I consiglieri di Gente in Comune si sono dimessi in massa dal consiglio comunale di Alzano Lombardo: Vladir Alberti, Manuel Bonzi, Paola Cortesi, Roberta Ferraris, Francesco Ludrini, Matteo Marchi, Cinzia Nessi, Martinella Valoti e Mario Zanchi lo hanno fatto lunedì 18 gennaio “con decorrenza immediata essendosi interrotto il rapporto di fiducia con il Sindaco e parte della Giunta che ella rappresenta”, dopo un weekend ad alta tensione in cui ha lasciato il primo cittadino Annalisa Nowak e non sono mancati gli scontri interni all’ex maggioranza.

“Ci siamo presentati agli Alzanesi promettendo un cambiamento nel rapporto tra amministrazione e cittadini – spiegano – che portasse ad un maggior coinvolgimento nel progetto decisionale delle questioni pubbliche sintetizzato già nel logo stesso del nostro gruppo.
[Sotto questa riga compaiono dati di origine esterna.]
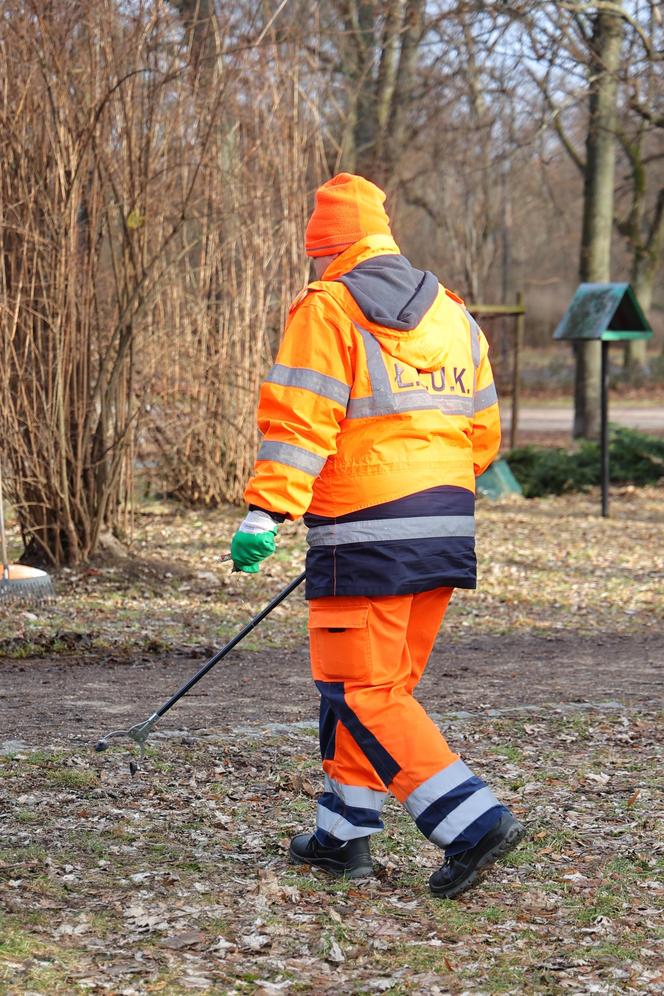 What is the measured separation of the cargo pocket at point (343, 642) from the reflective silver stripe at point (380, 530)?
0.56ft

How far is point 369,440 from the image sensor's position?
325cm

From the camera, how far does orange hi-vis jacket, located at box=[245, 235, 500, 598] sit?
10.3 ft

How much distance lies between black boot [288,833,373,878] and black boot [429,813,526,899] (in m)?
0.28

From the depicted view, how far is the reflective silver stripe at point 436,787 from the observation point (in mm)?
3178

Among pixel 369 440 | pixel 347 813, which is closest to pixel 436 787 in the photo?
pixel 347 813

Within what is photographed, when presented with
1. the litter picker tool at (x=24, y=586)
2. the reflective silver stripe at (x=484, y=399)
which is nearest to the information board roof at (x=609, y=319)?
the litter picker tool at (x=24, y=586)

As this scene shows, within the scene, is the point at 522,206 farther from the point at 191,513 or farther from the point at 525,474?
the point at 191,513

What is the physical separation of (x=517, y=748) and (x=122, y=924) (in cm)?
204

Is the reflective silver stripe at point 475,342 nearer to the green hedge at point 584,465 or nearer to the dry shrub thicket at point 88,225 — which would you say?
the dry shrub thicket at point 88,225

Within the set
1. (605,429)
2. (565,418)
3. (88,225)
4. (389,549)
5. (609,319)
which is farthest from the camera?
(565,418)

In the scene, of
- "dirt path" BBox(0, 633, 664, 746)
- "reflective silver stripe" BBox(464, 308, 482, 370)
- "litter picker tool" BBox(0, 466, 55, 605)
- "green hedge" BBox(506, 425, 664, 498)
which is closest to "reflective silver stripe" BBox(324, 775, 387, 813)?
"reflective silver stripe" BBox(464, 308, 482, 370)

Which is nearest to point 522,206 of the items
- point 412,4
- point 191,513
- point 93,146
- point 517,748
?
point 412,4

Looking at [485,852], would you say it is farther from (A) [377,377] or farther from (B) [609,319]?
(B) [609,319]

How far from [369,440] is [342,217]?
0.64m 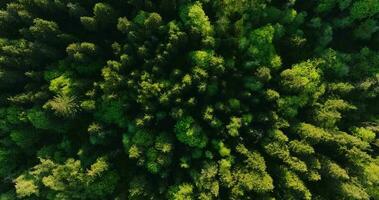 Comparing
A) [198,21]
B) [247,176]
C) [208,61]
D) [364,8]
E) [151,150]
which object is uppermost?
[364,8]

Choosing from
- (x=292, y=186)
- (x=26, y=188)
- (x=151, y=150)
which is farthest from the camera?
(x=26, y=188)

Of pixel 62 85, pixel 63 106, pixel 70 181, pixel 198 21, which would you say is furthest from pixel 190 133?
pixel 62 85

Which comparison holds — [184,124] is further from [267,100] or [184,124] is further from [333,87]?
[333,87]

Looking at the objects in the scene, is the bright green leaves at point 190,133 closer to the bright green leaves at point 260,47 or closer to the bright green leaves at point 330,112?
the bright green leaves at point 260,47

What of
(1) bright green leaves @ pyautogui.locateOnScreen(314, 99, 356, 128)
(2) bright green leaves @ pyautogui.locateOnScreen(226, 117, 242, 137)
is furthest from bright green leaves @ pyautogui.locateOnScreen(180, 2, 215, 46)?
(1) bright green leaves @ pyautogui.locateOnScreen(314, 99, 356, 128)

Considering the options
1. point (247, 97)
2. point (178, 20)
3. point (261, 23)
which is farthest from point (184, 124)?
point (261, 23)

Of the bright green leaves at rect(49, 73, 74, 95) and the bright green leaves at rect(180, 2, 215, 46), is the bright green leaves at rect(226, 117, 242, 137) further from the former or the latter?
the bright green leaves at rect(49, 73, 74, 95)

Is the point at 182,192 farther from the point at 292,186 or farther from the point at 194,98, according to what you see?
the point at 292,186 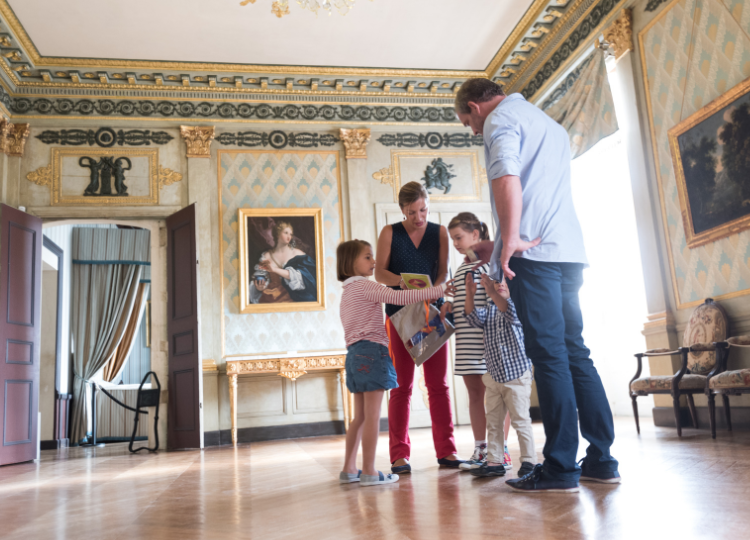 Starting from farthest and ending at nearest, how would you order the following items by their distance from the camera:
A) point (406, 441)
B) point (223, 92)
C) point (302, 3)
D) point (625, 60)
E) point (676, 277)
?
1. point (223, 92)
2. point (302, 3)
3. point (625, 60)
4. point (676, 277)
5. point (406, 441)

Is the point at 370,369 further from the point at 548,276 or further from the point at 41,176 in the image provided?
the point at 41,176

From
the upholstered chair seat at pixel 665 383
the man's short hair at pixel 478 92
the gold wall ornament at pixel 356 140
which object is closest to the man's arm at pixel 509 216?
the man's short hair at pixel 478 92

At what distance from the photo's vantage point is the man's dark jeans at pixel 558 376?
2.10m

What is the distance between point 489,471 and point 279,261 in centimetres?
498

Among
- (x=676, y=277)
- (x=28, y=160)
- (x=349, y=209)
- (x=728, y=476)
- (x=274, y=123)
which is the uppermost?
(x=274, y=123)

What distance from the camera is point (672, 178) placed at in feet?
16.3

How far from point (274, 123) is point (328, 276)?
6.70 ft

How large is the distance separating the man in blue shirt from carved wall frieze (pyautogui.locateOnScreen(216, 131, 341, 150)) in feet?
17.7

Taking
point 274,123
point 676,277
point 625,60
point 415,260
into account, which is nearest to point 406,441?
point 415,260

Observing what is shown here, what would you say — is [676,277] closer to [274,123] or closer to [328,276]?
[328,276]

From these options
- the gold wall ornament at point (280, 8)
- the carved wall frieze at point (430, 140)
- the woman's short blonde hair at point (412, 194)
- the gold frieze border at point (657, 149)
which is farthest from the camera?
the carved wall frieze at point (430, 140)

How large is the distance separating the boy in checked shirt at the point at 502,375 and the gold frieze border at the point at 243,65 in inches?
184

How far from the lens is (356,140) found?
7.61 metres

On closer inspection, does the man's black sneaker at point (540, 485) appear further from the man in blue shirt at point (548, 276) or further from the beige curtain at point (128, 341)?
the beige curtain at point (128, 341) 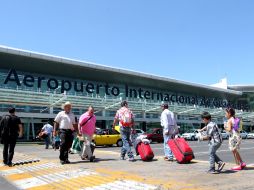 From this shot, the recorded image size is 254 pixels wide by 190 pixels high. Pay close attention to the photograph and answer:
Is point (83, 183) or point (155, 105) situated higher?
point (155, 105)

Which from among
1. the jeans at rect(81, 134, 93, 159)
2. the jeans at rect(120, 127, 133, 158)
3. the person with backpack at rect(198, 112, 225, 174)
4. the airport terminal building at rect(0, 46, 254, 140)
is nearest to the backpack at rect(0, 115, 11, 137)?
the jeans at rect(81, 134, 93, 159)

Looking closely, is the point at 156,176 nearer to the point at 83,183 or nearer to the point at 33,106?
the point at 83,183

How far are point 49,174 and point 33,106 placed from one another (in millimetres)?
31470

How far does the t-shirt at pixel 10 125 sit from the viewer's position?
10383mm

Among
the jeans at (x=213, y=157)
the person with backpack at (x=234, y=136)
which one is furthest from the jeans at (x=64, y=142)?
the person with backpack at (x=234, y=136)

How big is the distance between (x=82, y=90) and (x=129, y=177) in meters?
40.9

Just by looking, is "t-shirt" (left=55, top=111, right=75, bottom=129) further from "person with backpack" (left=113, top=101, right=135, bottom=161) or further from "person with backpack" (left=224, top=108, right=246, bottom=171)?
"person with backpack" (left=224, top=108, right=246, bottom=171)

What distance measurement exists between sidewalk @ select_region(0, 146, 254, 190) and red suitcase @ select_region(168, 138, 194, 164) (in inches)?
8.7

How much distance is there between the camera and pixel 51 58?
133 feet

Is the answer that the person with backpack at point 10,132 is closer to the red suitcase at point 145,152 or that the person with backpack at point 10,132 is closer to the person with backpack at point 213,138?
the red suitcase at point 145,152

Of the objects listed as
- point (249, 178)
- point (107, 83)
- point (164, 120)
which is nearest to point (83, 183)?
point (249, 178)

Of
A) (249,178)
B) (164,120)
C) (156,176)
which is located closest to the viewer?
(249,178)

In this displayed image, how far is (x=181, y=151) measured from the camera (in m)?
9.52

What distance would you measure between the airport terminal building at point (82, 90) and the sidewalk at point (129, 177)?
27498 mm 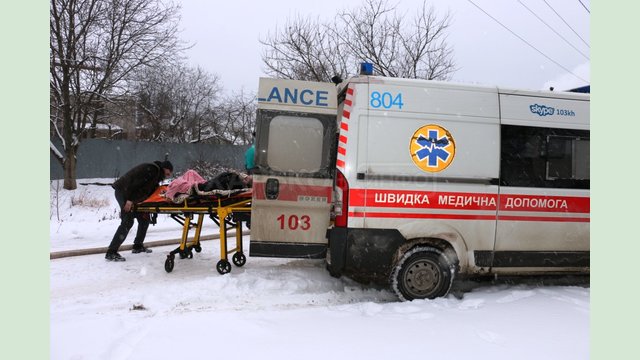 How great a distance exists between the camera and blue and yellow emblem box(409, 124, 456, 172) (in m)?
4.77

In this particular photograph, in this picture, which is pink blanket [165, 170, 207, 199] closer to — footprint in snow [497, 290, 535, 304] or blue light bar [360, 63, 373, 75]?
blue light bar [360, 63, 373, 75]

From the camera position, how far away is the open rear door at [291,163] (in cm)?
494

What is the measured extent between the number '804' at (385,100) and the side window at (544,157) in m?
1.25

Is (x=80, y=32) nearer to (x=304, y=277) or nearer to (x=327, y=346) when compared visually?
(x=304, y=277)

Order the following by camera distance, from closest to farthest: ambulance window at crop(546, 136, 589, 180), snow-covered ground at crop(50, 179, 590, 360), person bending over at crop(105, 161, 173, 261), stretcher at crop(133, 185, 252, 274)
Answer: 1. snow-covered ground at crop(50, 179, 590, 360)
2. ambulance window at crop(546, 136, 589, 180)
3. stretcher at crop(133, 185, 252, 274)
4. person bending over at crop(105, 161, 173, 261)

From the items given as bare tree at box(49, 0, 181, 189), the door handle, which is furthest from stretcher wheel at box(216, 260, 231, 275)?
bare tree at box(49, 0, 181, 189)

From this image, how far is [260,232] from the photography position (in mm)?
4984

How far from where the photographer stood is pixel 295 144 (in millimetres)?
4965

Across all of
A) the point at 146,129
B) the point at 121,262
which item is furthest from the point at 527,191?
the point at 146,129

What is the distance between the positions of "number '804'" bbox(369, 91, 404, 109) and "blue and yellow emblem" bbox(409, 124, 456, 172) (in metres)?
0.39

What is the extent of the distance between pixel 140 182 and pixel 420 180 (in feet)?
14.0

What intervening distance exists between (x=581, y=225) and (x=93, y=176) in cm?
2311

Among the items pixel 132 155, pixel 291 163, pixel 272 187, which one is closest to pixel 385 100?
pixel 291 163

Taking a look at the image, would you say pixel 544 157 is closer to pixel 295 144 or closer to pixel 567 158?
pixel 567 158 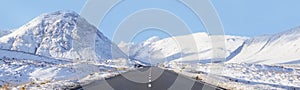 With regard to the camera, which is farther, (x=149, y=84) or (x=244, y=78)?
(x=244, y=78)

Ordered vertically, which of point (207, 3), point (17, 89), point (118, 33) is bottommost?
point (17, 89)

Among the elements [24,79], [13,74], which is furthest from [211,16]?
[13,74]

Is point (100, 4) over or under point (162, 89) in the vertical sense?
over

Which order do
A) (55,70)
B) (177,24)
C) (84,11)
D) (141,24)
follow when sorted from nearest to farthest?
(84,11) < (177,24) < (141,24) < (55,70)

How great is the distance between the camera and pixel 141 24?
1650 inches

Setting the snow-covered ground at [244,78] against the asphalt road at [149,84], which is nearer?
the asphalt road at [149,84]

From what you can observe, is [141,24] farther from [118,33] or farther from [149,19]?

Si trattava di un progetto ambizioso che però a distanza di soli 18 mesi non siamo riusciti a realizzare e che oggi nostro malgrado dobbiamo certificare di non poter raggiungere con questa Amministrazione che ha visto troppe volte registrare una separazione con i cittadini considerati alla stregua di consumatori finali di decisioni presa da una Giunta con la quale spesso ci siamo trovati in disaccordo. Una visione accentratrice e personalistica della politica nella quale non ci riconosciamo che, anziché favorire il dialogo, confronto e partecipazione ha prodotto lacerazioni e divisioni nei nostri rapporti con Sindaco e parte della Giunta generando delusioni nei cittadini ai quali non sono state date risposte adeguate alle loro richieste”.

Un comunicato che non nasconde le tensioni nate all’interno della stessa maggioranza, emerse in modo limpido dopo le dimissioni di Nowak, rassegnate non senza togliersi qualche sassolino dalle scarpe: in una nota anche il Partito Democratico ha illustrato le proprie verità, elencando con amarezza e delusione le ragioni della richiesta di rimpasto, respinte nei fatti dall’ex primo cittadino.

Nel farlo il gruppo consigliare ha chiamato in causa l’assessore alla Cultura Simonetta Fiaccadori, accusata insieme al collega dell’Urbanistica, di aver portato avanti “proprie autonome linee di intervento senza rendere conto a nessuno, né alla squadra, né ai cittadini”.

La risposta non si è fatta attendere, chiarendo punto per punto le accuse del PD, dal fallimento della gestione di piazza Italia, sulla quale “tutti in Giunta erano concordi di liberarla dalle auto”, allo “sconcertante” ringraziamento all’ex vicesindaco Manuel Bonzi.